Casos comunes de responsabilidad patrimonial de la Administración

Los supuestos en los que se puede reclamar indemnización a la Administración son variados. Algunos de los casos más habituales incluyen:

     1. Responsabilidad por deficiencias en servicios públicos

Si una persona sufre un perjuicio por el mal funcionamiento de un servicio público, puede reclamar una indemnización. Por ejemplo, retrasos injustificados en la atención médica en hospitales públicos que deriven en un agravamiento de la enfermedad.

     2. Responsabilidad por daños en infraestructuras públicas

Si un ciudadano sufre un daño debido al mal estado de infraestructuras públicas, la Administración puede ser responsable. Por ejemplo, caídas por el mal estado de una acera o calzada o daños a vehículos por baches no señalizados en la vía pública.

     3. Responsabilidad en el ámbito sanitario

Los errores médicos en hospitales públicos pueden dar lugar a responsabilidad patrimonial si se demuestra que han causado un daño que el paciente no tenía la obligación de soportar.
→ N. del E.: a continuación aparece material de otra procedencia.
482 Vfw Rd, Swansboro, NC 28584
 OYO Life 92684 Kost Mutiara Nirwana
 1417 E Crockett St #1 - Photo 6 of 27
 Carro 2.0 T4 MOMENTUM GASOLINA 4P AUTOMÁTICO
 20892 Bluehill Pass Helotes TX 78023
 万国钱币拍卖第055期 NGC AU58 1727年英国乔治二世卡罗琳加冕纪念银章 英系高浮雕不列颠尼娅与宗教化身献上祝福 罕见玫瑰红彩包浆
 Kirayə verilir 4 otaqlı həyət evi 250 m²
Por ejemplo, diagnósticos erróneos que llevan a tratamientos inadecuados.

     4. Responsabilidad por actuaciones policiales y judiciales

  • Detenciones ilegales o abusos de autoridad.
  • Errores judiciales que causen daños a los ciudadanos

Procedimiento para reclamar la responsabilidad patrimonial de la Administración

Si un ciudadano ha sufrido un daño que cree que es responsabilidad de la Administración, debe seguir un procedimiento administrativo para reclamar la indemnización correspondiente.

     1. Presentación de la reclamación

La reclamación debe dirigirse a la Administración responsable y presentarse en el plazo de un año desde que se produjo el daño o desde que se tuvo conocimiento del mismo, según el artículo 67 de la Ley 39/2015.

La reclamación debe incluir:

  • Identificación del reclamante.
  • Descripción detallada del daño sufrido y su valoración económica.
  • Justificación de la relación de causalidad entre el daño y la actuación de la Administración.
  • Pruebas y documentos que respalden la reclamación (informes periciales, fotografías, testigos, etc.).

     2. Instrucción del procedimiento

Una vez presentada la reclamación, la Administración tiene seis meses para resolver. En este período:

  • Se pueden recabar informes de organismos técnicos.
  • Se pueden solicitar pruebas adicionales.
  • Se pueden presentar alegaciones y realizar una audiencia previa al interesado.

     3. Resolución de la Administración

Tras la instrucción del expediente, la Administración puede:

  • Reconocer la indemnización y pagarla.
  • Rechazar la reclamación.

Si la Administración no resuelve en seis meses, se entenderá desestimada por silencio administrativo (artículo 91 de la Ley 39/2015).

Tanto si la respuesta es negativa como si la Administración no responde, el interesado puede acudir a la vía judicial, a través del recurso contencioso-administrativo.

     4. Impugnación judicial de la denegación de la indemnización

Si la Administración rechaza la reclamación, el afectado puede:

  • Interponer un recurso de reposición en el plazo de un mes desde la notificación de la resolución. Este recurso es opcional.
  • Acudir a la jurisdicción contencioso-administrativa presentando un recurso contencioso-administrativo en el plazo de dos meses desde la resolución denegatoria.

En conclusión, la responsabilidad patrimonial de la Administración es un mecanismo fundamental para proteger a los ciudadanos frente a los daños causados por la actuación de los poderes públicos. Sin embargo, es un proceso que requiere demostrar el daño, la relación de causalidad y la antijuridicidad del perjuicio.

Si crees que has sufrido un daño causado por la Administración, es recomendable contar con asesoramiento legal para preparar correctamente la reclamación y garantizar que se cumplen todos los requisitos legales.